Resumen de la obra
Un aristócrata ocioso y demasiado brillante, el príncipe Serge Rénine, conoce a Hortense Daniel, una joven casada, hermosa y aburrida, atrapada en una vida sin salida. Rénine le propone un pacto de cuento de hadas moderno: vivirán juntos ocho aventuras —tantas como campanadas dio un viejo reloj parado en el instante de conocerse—, y al final de la octava, si él ha cumplido, ella le concederá lo que la última campanada pida. Sobre ese marco galante, Leblanc construyó su colección de relatos más perfecta: ocho enigmas resueltos por el personaje que el prólogo se cuida de no nombrar del todo, aunque el lector lo reconoce en cada gesto —Rénine no es otro que Arsène Lupin en una de sus vidas prestadas—.
Las ocho aventuras
La estructura es la del relato de detección clásico, pero con la marca lupiniana: Rénine no investiga por oficio ni por justicia abstracta, sino por elegancia y por amor, y sus soluciones combinan la deducción con la puesta en escena.
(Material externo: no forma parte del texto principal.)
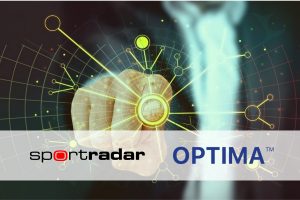 Sportradar’s Acquisition Of Optima Enables It To Become ‘Global One Stop Shop.’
El abanico de casos es deliberadamente variado. «En lo alto de la torre» abre la serie con un enigma retrospectivo: un crimen de veinte años atrás congelado en una habitación cerrada. «La jarra de agua» y «Thérèse y Germaine» juegan con el crimen doméstico y sus coartadas; «El caso de Jean-Louis» resuelve con humor un imposible de identidad; «La dama del hacha» roza el relato de terror con una serie de asesinatos que anticipa la figura moderna del asesino en serie; «Huellas en la nieve» es un ejercicio puro de lectura de indicios; y «Mercurio», la pieza final, cierra el pacto con Hortense con la simetría de un mecanismo de relojería, devolviendo el libro a su marco sentimental.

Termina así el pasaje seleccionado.